Dagegen erhob A mit Eingabe vom 19. Februar 2024 Beschwerde beim Bundesgericht. Mit Verfügung vom 14. März 2024 wies das Bundesgericht den Antrag auf Erteilung der aufschiebenden Wirkung ab. Mit Entscheid vom 2. April 2024 wies das Bundesgericht die Beschwerde von A ab, soweit es darauf eintrat.
Keine Beschränkung der Beschwerdegründe auf die Zuständigkeit des Konkursgerichts
Zunächst bestätigte das Bundesgericht die Meinung der Vorinstanz, wonach das Bundesgericht in BGE 149 III 186 die Frage der Beschwerdelegitimation eines Gläubigers gegen einen Entscheid nach Art. 191 SchKG offengelassen hat. In BGE 149 III 186 hat das Bundesgericht nicht die Beschwerdegründe auf die Frage der Zuständigkeit beschränken wollen (E. 3).

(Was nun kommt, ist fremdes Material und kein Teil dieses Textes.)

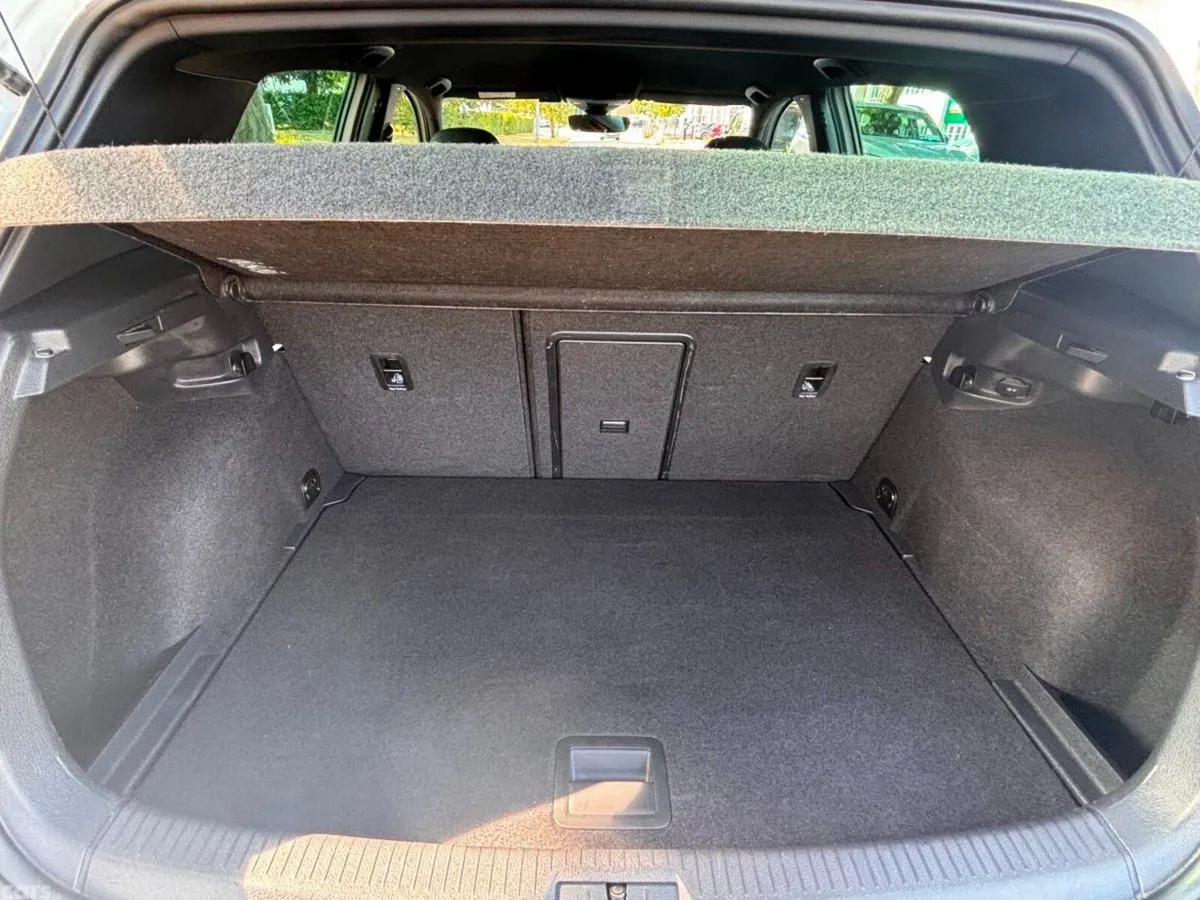 Volkswagen Golf Hatchback, Petrol, 2016, White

Auslegung von Art. 191 SchKG
Sodann legte das Bundesgericht Art. 191 SchKG im Lichte der Revision des Sanierungsrechts aus, die am 1. Januar 2014 in Kraft getreten ist. Mit Art. 295c Abs. 1 SchKG und Art. 334 Abs. 4 SchKG wurden die Rechte der Gläubiger verstärkt, indem der Gesetzgeber die (unbeschränkte) Beschwerdelegitimation eines Gläubigers gegen den Entscheid des Nachlassgerichts ausdrücklich vorgesehen hat (E. 4.1 und E. 4.2).

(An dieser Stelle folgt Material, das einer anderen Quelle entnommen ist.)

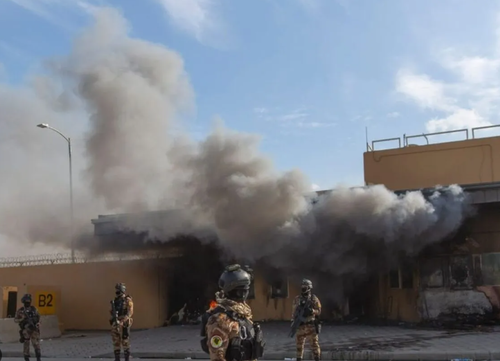 Ирак дахь АНУ-ын Элчин сайдын яам пуужингийн халдлагад өртжээ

Gemäss Art. 191 Abs. 2 SchKG eröffnet das Konkursgericht den Konkurs über den Schuldner, wenn keine Aussicht auf eine Schuldenbereinigung nach den Artikeln 333 ff. besteht. Damit unterliegt der Konkursantrag nach Art. 191 SchKG dem Rechtsmissbrauchsverbot (E. 4.3):
„Le juge peut ainsi refuser l’ouverture de la faillite s’il existe une perspective d’assainissement et que, de manière abusive, le débiteur ne forme aucune requête en règlement amiable des dettes (…). De manière générale, la déclaration d’insolvabilité est soumise à la réserve de l’abus de droit (…); l’art. 191 al. 2 LP n’en fait que concrétiser le principe (…).“
Mit dem neuen Sanierungsrecht und der Änderung der Beschwerdelegitimation der Gläubiger i.Z.m. Art. 333 ff. SchKG ist die Einschränkung der Beschwerdelegitimation der Gläubiger gegen einen Konkurseröffnungsentscheid nach Art. 191 SchKG nicht mehr gerechtfertigt. Damit können sich die Gläubiger sowohl gegen die Zuständigkeit des Konkursgerichts als auch gegen die Rechtsmissbräuchlichkeit der Konkurseröffnung mittels Beschwerde wehren, da sie in diesen Konstellationen über ein schützwürdiges Interesse verfügen (E. 4.3).